#### [Data extract]
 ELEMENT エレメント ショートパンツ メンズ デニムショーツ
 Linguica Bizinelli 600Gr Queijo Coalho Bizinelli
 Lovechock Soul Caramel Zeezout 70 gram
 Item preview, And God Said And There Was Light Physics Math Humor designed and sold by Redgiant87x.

* * *

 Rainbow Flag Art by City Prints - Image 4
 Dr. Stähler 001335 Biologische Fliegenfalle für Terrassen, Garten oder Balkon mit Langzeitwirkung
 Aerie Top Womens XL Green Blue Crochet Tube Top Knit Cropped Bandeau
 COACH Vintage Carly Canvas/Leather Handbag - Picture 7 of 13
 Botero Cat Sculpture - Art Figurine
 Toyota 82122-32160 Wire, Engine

--

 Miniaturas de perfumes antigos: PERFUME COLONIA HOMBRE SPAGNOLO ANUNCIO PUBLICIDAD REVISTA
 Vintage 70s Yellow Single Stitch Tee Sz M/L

#### [What to produce]
Give back exactly the lines above starting at the line where "Lovechock Soul Caramel Zeezout 70 gram" appears and ending at the line where "Item preview, And" appears, both included, with no other lines.

#### [Answer area]
 Lovechock Soul Caramel Zeezout 70 gram
 Item preview, And God Said And There Was Light Physics Math Humor designed and sold by Redgiant87x.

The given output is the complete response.